Dans l'ancien dortoir est présentée la vie quotidienne
des sœurs au fil des siècles. Au milieu des objets d'époque, des
témoignages audio racontent des vies d'exception.
« Nous voulons apporter une réponse moderne de compassion pour notre temps. »
La troisième section retrace la mission sociale de la congrégation,
depuis les origines jusqu'à leur présence internationale actuelle en
tant qu'ONG.
Aujourd'hui, la congrégation Notre-Dame de Charité du
Bon Pasteur s'étend dans 70 pays sur cinq continents. Le musée est donc
un retour aux sources, pour en retracer l'histoire. Et à partir de là,
communiquer l'action sociale des sœurs : leur travail auprès des plus
démunis, en particulier des femmes en difficulté, est au cœur de leur
mission.
Un peu agacées par le ton élogieux de l'article quant à cette maison d'enfermement pour jeunes filles, nous avons donc décidé de réagir en adressant un courrier à Ouest France dans l'espoir qu'il soit publié. Voici notre réponse :
A l’attention du courrier des lecteurs du Ouest France
Objet :
article sur l’ouverture du Musée du Bon Pasteur
Bonjour,
Dans
votre numéro OF du 13 juillet 2016, vous annoncez l’ouverture du
Musée du Bon Pasteur à Angers.
Nous
avons été très choquées de lire la présentation qui en est
faite.
Le
Bon Pasteur, décrit ici comme une Institution religieuse ayant
recueilli de pauvres femmes en détresse, dirigé par « une
religieuse en avance sur son temps » qui « avait osé
recueillir des détenues mineures ou encore aider une femme tombée
enceinte d'un homme déjà marié. », présentait un revers de
médaille tout autre.
Sous couvert de proposer « l'instruction et
l'apprentissage pour donner aux femmes leur autonomie. » il
s’agissait officieusement de les rendre dociles, obéissantes et en
faire des bonnes mères de famille bien gentilles et bien braves, et
ce par des moyens pas très « catholiques ».

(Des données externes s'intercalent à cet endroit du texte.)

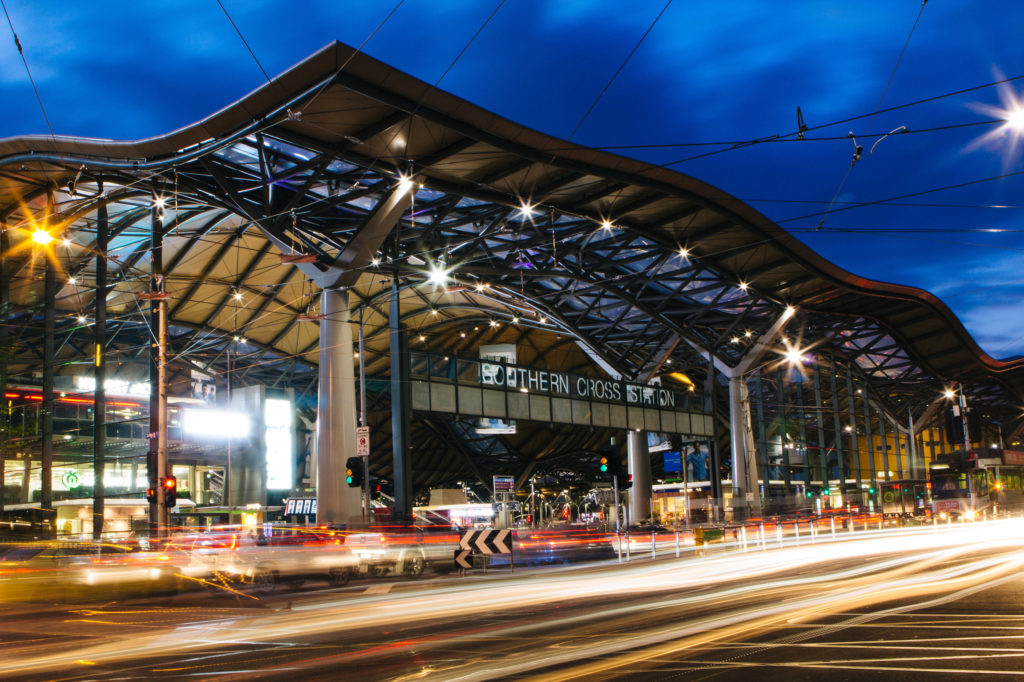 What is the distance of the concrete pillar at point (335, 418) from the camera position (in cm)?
3409

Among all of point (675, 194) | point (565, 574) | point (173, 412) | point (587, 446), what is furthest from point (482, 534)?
point (587, 446)

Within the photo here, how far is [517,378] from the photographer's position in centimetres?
4884

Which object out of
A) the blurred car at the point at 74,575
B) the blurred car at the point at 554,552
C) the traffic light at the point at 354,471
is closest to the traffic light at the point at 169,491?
the blurred car at the point at 74,575

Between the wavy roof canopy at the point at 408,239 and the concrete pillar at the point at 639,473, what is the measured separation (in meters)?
4.92

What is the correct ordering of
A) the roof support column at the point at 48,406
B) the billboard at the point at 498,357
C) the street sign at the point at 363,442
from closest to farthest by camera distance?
the street sign at the point at 363,442
the roof support column at the point at 48,406
the billboard at the point at 498,357

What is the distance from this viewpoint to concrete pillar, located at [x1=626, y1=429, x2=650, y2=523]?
198 feet

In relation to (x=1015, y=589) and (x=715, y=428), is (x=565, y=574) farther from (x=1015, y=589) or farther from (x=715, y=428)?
(x=715, y=428)

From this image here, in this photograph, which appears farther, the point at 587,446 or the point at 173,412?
the point at 587,446

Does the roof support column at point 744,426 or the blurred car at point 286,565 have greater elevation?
the roof support column at point 744,426

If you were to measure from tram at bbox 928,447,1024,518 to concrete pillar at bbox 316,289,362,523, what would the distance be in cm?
4260

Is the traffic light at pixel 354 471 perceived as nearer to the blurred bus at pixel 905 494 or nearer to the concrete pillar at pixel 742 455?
the concrete pillar at pixel 742 455

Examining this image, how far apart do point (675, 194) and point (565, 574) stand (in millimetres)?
19419

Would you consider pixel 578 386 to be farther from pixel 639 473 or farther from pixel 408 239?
pixel 408 239

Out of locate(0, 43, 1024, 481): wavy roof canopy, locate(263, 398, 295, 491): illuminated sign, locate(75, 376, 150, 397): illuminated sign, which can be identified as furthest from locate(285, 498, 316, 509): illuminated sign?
locate(75, 376, 150, 397): illuminated sign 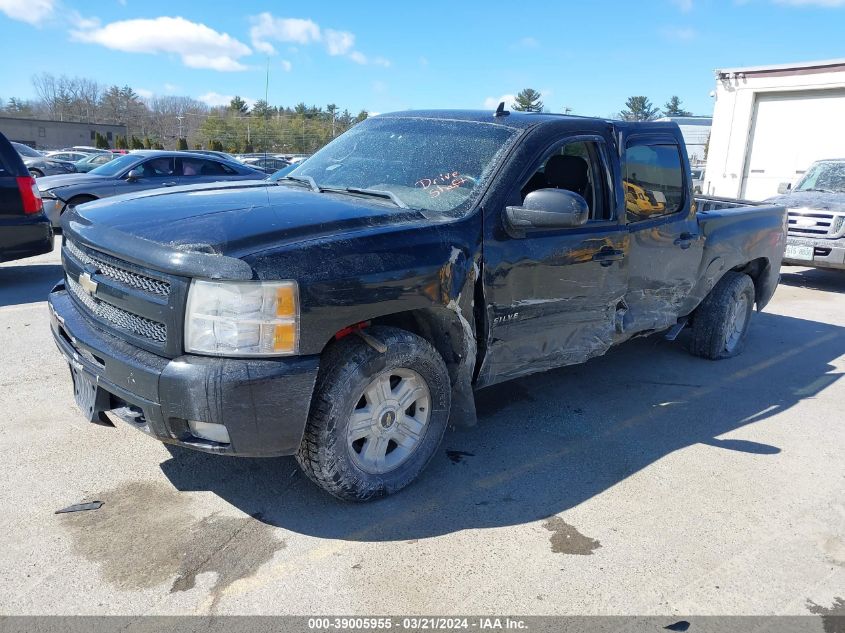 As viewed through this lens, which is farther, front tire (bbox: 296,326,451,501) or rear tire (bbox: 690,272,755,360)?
rear tire (bbox: 690,272,755,360)

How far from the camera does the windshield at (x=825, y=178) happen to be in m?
11.0

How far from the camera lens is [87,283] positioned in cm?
331

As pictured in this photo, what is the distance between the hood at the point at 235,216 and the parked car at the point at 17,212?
4.31m

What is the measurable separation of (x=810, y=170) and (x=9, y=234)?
11955 mm

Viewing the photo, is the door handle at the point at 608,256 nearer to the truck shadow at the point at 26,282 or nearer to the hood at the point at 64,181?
the truck shadow at the point at 26,282

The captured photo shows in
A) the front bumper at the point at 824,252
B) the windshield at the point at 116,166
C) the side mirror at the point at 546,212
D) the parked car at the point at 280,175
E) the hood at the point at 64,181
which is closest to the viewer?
the side mirror at the point at 546,212

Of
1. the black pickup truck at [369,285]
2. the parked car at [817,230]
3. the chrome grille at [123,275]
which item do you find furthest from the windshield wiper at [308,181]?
the parked car at [817,230]

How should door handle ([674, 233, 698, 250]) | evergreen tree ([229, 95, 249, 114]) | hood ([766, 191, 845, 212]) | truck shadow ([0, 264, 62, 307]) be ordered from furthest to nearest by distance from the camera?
evergreen tree ([229, 95, 249, 114])
hood ([766, 191, 845, 212])
truck shadow ([0, 264, 62, 307])
door handle ([674, 233, 698, 250])

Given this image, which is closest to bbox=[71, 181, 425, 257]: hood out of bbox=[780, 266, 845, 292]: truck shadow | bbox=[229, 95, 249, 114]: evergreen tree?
bbox=[780, 266, 845, 292]: truck shadow

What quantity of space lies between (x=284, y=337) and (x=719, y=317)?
4.52 m

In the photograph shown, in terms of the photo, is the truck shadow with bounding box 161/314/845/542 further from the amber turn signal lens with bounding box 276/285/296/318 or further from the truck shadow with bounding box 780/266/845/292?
the truck shadow with bounding box 780/266/845/292

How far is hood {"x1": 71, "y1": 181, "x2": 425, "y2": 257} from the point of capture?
2.90 m

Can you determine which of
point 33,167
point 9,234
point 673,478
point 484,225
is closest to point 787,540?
point 673,478

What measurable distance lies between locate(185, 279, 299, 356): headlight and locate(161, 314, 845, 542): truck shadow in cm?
94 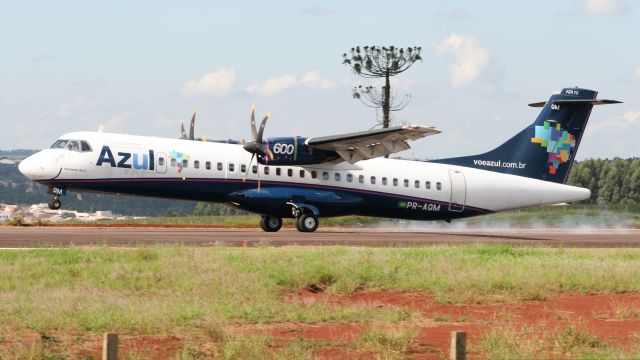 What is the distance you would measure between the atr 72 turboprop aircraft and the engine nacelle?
0.04m

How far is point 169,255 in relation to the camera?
1017 inches

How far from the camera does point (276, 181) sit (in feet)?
130

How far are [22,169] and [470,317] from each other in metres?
23.5

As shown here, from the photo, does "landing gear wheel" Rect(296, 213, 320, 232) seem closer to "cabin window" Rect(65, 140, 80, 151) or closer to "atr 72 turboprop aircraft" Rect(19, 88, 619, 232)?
"atr 72 turboprop aircraft" Rect(19, 88, 619, 232)

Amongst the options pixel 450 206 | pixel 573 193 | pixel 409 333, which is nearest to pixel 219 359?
pixel 409 333

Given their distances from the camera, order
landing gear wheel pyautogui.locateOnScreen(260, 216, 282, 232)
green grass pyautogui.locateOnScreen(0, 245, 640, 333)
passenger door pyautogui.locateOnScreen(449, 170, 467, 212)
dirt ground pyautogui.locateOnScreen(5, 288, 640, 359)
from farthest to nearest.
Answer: passenger door pyautogui.locateOnScreen(449, 170, 467, 212) < landing gear wheel pyautogui.locateOnScreen(260, 216, 282, 232) < green grass pyautogui.locateOnScreen(0, 245, 640, 333) < dirt ground pyautogui.locateOnScreen(5, 288, 640, 359)

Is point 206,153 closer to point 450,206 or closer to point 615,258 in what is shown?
point 450,206

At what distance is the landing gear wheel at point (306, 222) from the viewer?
131ft

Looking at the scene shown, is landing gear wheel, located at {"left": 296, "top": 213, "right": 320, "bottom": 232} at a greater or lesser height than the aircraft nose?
lesser

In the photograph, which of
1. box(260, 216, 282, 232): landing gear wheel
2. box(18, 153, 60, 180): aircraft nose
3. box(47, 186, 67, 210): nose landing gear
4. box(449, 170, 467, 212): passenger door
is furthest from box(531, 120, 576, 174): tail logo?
Answer: box(18, 153, 60, 180): aircraft nose

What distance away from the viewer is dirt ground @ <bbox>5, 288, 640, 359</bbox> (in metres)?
15.2

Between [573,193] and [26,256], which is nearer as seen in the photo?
[26,256]

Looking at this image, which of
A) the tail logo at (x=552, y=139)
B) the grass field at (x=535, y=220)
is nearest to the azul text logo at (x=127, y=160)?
the grass field at (x=535, y=220)

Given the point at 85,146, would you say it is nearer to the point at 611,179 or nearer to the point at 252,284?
the point at 252,284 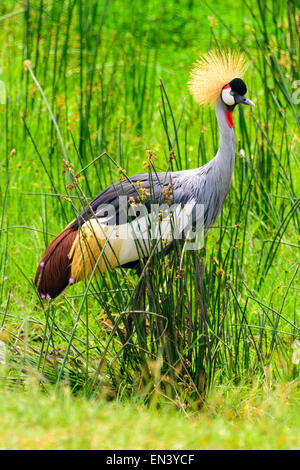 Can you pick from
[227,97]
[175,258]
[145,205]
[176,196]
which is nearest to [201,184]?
[176,196]

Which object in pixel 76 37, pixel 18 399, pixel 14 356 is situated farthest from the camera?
pixel 76 37

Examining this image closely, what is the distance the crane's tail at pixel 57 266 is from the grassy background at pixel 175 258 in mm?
97

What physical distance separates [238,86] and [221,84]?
0.34 feet

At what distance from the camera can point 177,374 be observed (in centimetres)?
273

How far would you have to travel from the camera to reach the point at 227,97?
3.32m

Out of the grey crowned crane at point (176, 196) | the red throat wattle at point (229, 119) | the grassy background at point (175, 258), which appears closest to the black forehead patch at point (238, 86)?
the grey crowned crane at point (176, 196)

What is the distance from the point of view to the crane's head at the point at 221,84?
10.8ft

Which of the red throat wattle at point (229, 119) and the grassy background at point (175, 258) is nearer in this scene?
the grassy background at point (175, 258)

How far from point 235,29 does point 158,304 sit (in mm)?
4323

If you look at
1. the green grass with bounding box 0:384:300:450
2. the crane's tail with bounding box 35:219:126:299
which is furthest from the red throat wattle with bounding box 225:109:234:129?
the green grass with bounding box 0:384:300:450

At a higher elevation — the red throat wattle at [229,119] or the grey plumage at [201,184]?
the red throat wattle at [229,119]

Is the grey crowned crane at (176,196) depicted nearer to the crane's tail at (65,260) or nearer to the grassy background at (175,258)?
the crane's tail at (65,260) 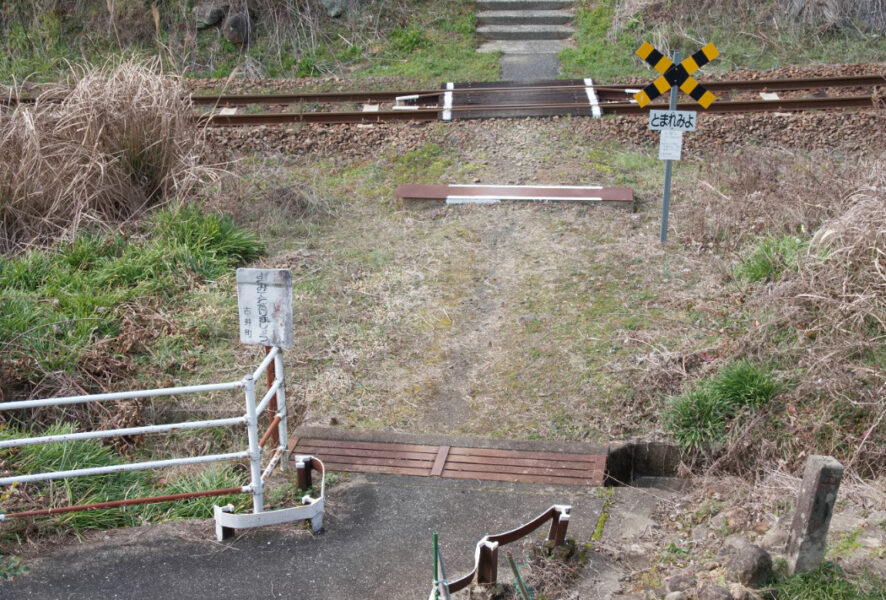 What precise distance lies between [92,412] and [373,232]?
3535 mm

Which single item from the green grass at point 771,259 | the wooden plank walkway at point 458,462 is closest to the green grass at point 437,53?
the green grass at point 771,259

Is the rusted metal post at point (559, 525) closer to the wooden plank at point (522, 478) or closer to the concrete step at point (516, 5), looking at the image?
the wooden plank at point (522, 478)

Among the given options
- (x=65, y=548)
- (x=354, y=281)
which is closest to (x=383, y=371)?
(x=354, y=281)

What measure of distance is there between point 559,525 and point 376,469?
148 centimetres

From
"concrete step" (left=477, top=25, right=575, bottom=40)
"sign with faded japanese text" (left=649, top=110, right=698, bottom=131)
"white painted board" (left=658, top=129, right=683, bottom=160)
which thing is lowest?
"white painted board" (left=658, top=129, right=683, bottom=160)

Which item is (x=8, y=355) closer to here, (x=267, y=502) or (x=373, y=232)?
(x=267, y=502)

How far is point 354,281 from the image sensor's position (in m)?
8.00

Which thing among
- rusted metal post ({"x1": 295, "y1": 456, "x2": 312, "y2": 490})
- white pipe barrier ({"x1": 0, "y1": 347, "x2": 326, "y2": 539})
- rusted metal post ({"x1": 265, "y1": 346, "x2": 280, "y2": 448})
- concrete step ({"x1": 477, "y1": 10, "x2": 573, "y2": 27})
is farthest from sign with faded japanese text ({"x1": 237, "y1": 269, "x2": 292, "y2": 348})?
concrete step ({"x1": 477, "y1": 10, "x2": 573, "y2": 27})

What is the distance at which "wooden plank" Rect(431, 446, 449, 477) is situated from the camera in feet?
17.8

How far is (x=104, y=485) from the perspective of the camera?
5.39 meters

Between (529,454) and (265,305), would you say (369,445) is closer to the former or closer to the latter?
(529,454)

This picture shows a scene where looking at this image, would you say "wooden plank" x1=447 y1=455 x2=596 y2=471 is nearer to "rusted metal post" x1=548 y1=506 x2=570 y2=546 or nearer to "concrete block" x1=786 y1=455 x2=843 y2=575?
"rusted metal post" x1=548 y1=506 x2=570 y2=546

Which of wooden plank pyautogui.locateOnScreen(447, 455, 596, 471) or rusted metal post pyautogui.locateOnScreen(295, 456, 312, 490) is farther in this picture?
wooden plank pyautogui.locateOnScreen(447, 455, 596, 471)

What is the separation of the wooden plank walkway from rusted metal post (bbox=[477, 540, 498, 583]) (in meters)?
1.18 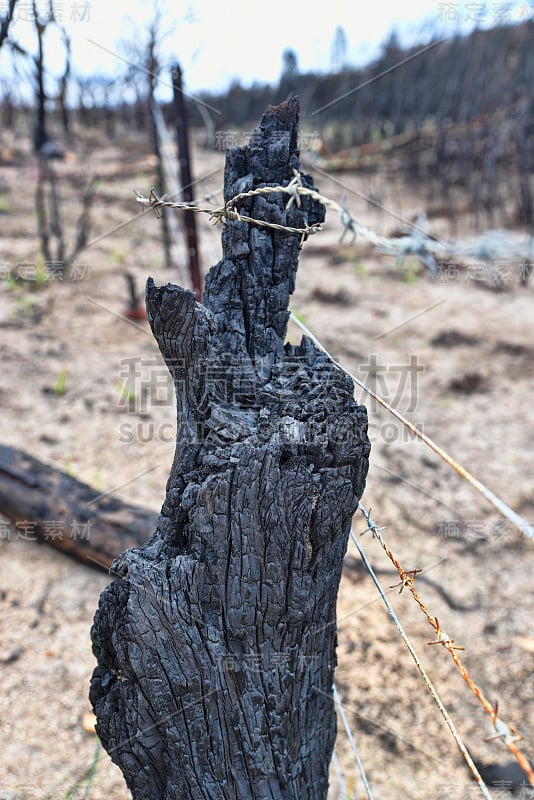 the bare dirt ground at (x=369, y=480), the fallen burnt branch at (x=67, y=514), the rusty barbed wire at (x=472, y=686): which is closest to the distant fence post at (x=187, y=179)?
the bare dirt ground at (x=369, y=480)

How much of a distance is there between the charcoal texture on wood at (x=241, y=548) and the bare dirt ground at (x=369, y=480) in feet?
2.21

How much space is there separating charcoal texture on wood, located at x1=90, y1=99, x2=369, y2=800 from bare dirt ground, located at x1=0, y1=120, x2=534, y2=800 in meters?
0.67

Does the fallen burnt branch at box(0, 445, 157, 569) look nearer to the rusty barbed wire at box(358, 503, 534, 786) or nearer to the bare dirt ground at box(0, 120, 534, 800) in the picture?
the bare dirt ground at box(0, 120, 534, 800)

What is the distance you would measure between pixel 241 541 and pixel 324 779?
665 millimetres

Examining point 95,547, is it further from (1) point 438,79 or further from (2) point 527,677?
(1) point 438,79

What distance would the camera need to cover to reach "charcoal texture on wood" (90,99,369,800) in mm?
994

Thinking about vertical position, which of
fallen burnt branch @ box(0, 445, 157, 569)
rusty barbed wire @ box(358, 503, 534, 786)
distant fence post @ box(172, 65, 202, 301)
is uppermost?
distant fence post @ box(172, 65, 202, 301)

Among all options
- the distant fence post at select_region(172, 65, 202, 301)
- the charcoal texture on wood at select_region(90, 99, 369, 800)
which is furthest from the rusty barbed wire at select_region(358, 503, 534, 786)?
the distant fence post at select_region(172, 65, 202, 301)

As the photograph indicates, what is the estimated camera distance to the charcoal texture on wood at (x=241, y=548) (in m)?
0.99

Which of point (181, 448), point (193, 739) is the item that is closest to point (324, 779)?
point (193, 739)

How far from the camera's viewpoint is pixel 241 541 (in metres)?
1.01

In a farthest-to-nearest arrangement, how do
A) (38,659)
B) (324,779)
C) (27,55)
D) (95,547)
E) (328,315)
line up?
(328,315) → (27,55) → (95,547) → (38,659) → (324,779)

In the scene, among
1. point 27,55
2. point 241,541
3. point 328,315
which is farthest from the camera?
point 328,315

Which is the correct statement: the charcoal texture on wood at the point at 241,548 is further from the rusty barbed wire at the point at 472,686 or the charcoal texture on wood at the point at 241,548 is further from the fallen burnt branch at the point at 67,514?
the fallen burnt branch at the point at 67,514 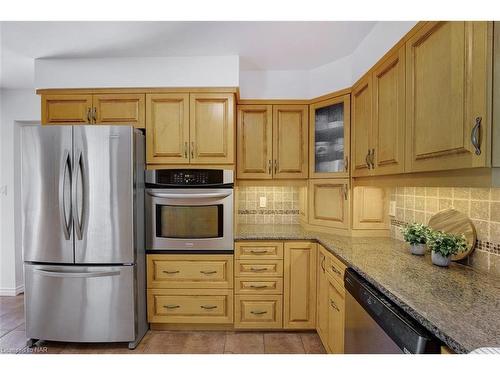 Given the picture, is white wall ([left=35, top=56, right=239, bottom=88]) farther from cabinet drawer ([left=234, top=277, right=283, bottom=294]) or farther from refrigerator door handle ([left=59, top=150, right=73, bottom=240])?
cabinet drawer ([left=234, top=277, right=283, bottom=294])

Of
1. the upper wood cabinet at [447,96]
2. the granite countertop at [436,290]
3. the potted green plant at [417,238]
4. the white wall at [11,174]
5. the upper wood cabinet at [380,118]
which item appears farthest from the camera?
the white wall at [11,174]

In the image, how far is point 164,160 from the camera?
7.39ft

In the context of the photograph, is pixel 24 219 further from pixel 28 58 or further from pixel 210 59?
pixel 210 59

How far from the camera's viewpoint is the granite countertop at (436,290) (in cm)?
78

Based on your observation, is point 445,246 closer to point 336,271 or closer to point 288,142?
point 336,271

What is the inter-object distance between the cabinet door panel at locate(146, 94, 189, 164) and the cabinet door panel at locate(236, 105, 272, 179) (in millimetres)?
542

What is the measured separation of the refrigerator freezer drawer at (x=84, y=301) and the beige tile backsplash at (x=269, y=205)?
1.28 metres

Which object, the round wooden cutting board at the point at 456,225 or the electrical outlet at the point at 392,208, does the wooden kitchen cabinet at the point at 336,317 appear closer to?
the round wooden cutting board at the point at 456,225

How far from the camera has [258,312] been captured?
2.23 m

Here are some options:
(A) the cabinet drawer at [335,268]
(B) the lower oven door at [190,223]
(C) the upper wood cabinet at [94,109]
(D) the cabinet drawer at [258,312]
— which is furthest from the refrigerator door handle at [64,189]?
(A) the cabinet drawer at [335,268]

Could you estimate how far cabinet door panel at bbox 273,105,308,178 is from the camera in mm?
2535

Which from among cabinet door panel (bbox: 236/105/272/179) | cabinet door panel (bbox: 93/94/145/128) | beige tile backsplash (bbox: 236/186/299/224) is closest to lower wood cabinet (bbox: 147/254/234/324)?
beige tile backsplash (bbox: 236/186/299/224) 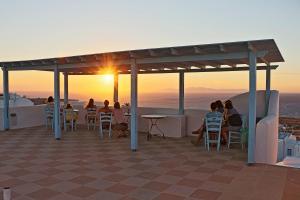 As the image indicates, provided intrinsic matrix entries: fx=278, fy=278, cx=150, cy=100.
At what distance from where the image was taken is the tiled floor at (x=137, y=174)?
3791mm

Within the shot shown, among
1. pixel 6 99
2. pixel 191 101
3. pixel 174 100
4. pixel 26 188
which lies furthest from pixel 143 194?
pixel 174 100

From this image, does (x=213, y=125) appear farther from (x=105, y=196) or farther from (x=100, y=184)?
(x=105, y=196)

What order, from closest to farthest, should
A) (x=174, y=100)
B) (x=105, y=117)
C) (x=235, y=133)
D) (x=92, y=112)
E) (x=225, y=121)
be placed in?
(x=235, y=133)
(x=225, y=121)
(x=105, y=117)
(x=92, y=112)
(x=174, y=100)

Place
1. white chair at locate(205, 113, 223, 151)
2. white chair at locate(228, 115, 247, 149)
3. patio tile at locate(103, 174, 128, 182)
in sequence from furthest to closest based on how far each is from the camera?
1. white chair at locate(228, 115, 247, 149)
2. white chair at locate(205, 113, 223, 151)
3. patio tile at locate(103, 174, 128, 182)

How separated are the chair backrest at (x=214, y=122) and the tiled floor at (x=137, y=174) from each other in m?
0.56

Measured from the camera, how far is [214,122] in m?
6.76

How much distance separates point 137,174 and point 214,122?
9.29 ft

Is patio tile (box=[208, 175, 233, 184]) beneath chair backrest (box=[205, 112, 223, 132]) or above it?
beneath

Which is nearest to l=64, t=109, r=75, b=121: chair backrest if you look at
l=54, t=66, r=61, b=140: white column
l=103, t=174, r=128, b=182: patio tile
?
l=54, t=66, r=61, b=140: white column

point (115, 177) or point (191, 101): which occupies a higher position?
point (191, 101)

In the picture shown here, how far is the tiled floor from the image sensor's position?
3791mm

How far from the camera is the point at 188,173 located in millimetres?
4719

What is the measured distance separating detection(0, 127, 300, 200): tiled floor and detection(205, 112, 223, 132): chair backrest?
0.56 meters

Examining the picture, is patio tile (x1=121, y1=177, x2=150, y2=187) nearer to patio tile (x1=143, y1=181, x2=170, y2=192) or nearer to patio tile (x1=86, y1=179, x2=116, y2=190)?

Nous savons en effet aujourd’hui que les jeunes
femmes et les filles enfermées (contre leur gré et pour des raisons
aussi futiles que d’être soupçonnées d’avoir fricoté avec un
jeune homme) subissaient de nombreuses humiliations quotidiennes,
châtiments corporels, blessures non soignées, elles devaient se
plier aux corvées et se retrouvaient victimes d’horreurs infligées
par ces « bonnes sœurs ». Par exemple, dès leur
arrivée, on leur bandait fermement la poitrine, on leur coupait les
cheveux, et on leur apprenait à dire « oui ma sœur. »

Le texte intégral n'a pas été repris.